Perché nel video clip di “Pereira” tutto va al contrario?
«L’idea è venuta a Giacomo Triglia, che ne ha curato la regia, il quale mi ha proposto di imparare il testo al contrario per far sì che nel riavvolgere la canzone, risultasse in modo corretto. È un video dinamico ma semplice, e anche qui il significato va ricercato con attenzione. Mi vengono lanciati degli oggetti addosso, torte, sporcizia, ma siccome tutto è al contrario, ritornano a non essere parte di me, come anni di debito che pian piano vengono tolti per lasciarti “pulito”.»
Hai parlato del tuo disco descrivendolo come “nudo”. Come mai?
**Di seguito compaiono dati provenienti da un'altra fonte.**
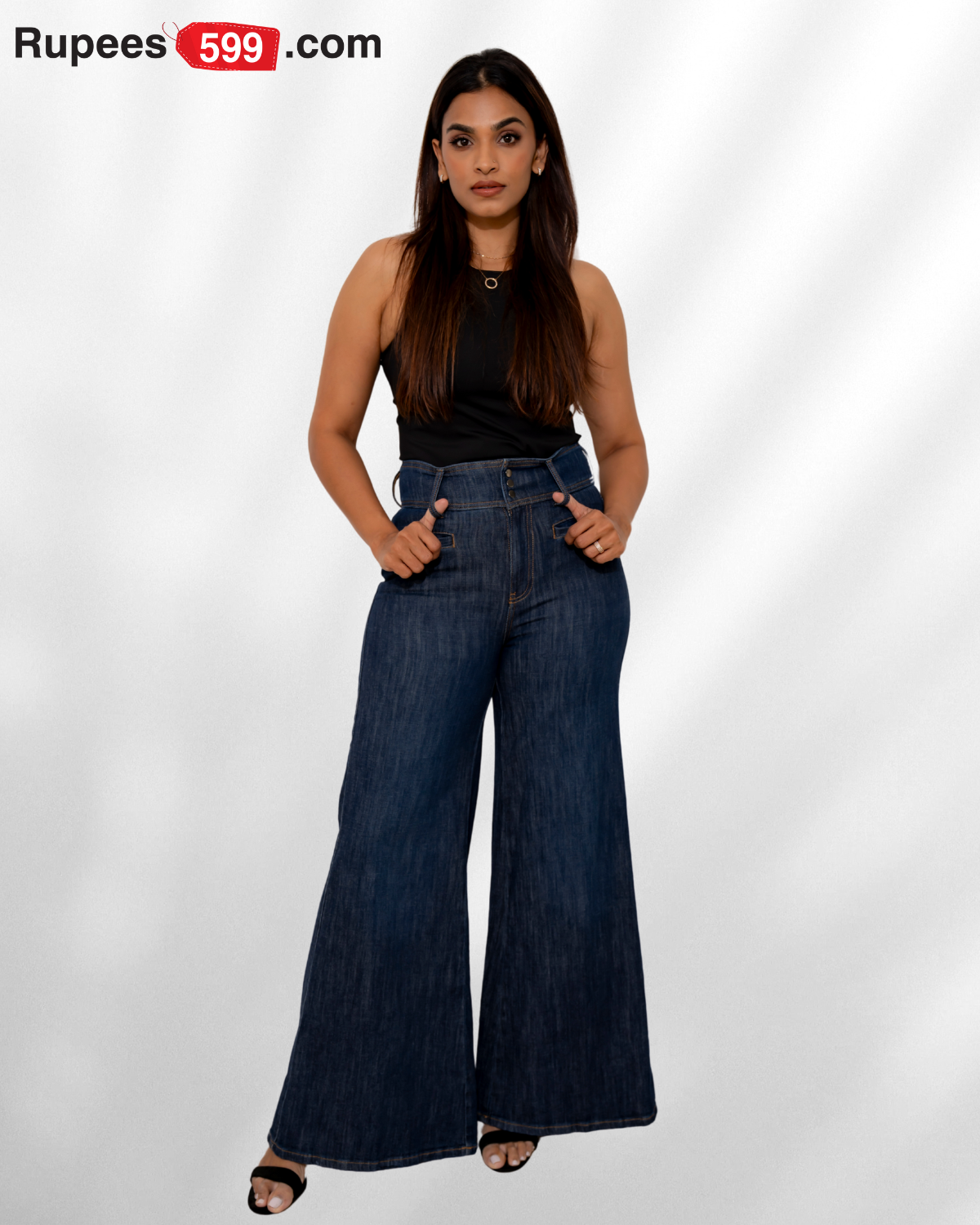 High-Waisted Stretchy Dark Blue Denim Trousers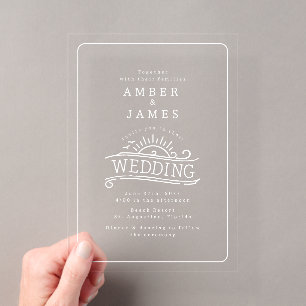 Invitations En Acrylique Mariage Coucher de Soleil Vagues Plage Art Linéair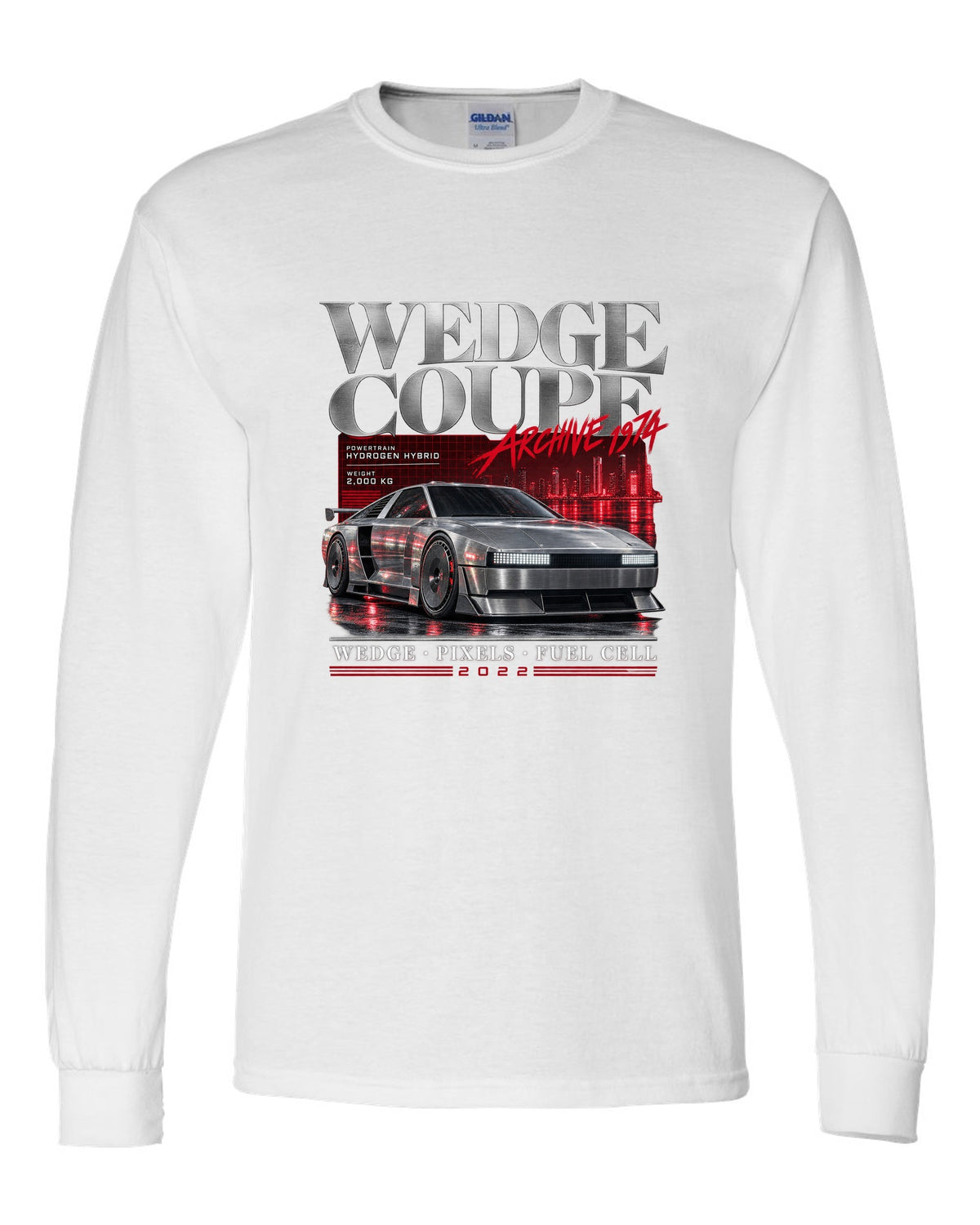 Hyundai N Vision 74 archive panel print with wedge coupe and hydrogen hybrid text white long sleeve front view with the design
«Perché per la prima volta racconto me stesso, anche se attraverso storie di altri. Fin’ora avevo fatto uscire solo il mio lato “militante”, rivoluzionario. Adesso, ho deciso di parlare in modo leggero di miei fatti personali, anche se raccontando di altri, senza essere nemmeno in questo caso protagonista. È il caso di “Blu”, che guarda al domani ma tenendo conto del passato e del presente, una speranza di un futuro migliore per tutti, che è al momento uno dei brani che preferisco. O “L’Assassino”, un po’ insensata all’apparenza ma che conferisce ad una storia d’amore finita il significato di giallo irrisolto in cui non si sa chi è il colpevole. O ancora “Maria”, in cui “invento” la storia d’amore tra mio nonno e mia nonna, quest’ultima scomparsa molti anni fa.»
«E’ un lavoro in cui ho investito molto» continua Cimini parlando del nuovo disco «non solo economicamente, ma anche dal punto di vista creativo, avvalendomi dell’etichetta discografica MKRecords, della collaborazione di Mirko Onofrio, di Andrea Rovacchi, che ha lavorato con artisti del calibro di Ligabue, Vinicio Capossela o Patti Smith, senza dimenticare la preziosa collaborazione di Simone Cristicchi e i Kutso. Inoltre ci sarà una sorta di “rivoluzione” all’interno del gruppo: il chitarrista, Giorgio Minervino, e il batterista, Giacinto Maiorca, suoneranno, alternando i propri strumenti, anche la tastiera, mentre per quanto riguarda il basso la vera rivoluzione è stata quella di inserire un nuovo elemento, Antonio D’Amato. Formazione, questa, che non solo mi segue durante i live, ma con la quale abbiamo registrato il nuovo disco. Insieme abbiamo puntato molto sul lato della presentazione, ed è stata una mia scelta suonare in modo capillare, anche in piccole realtà o in posti raccolti, dove adoro esibirmi.
Ti abbiamo visto infatti da poco (il 1° giugno) protagonista di un concerto presso l’Arci di Paola. Cosa ti è rimasto di quella serata?
«Ho un profondo legame con i ragazzi dell’Arci e i giovani di Paola, e vedere che a pochi giorni dall’uscita del disco cantavano a memoria le mie canzoni mi ha reso veramente contento. Ogni volta che mi esibisco lì mi sento a casa ma è sempre una sorpresa nuova.»
Dopo aver portato la sua musica a Paola, a due passi da casa, Federico è partito alla volta di altre mete: da Tropea a Vibo, da Catanzaro a Cosenza, a Lamezia, fino ad arrivare a Taranto, proseguendo questa sera a Roma, e domani a Siena, andando a toccare con il suo tour ancora numerose tappe. Città in cui siamo sicuri che il nostro “sorridente rivoluzionario” sarà felice di portare quel pezzo di Calabria in grado di inventarsi e rinnovarsi.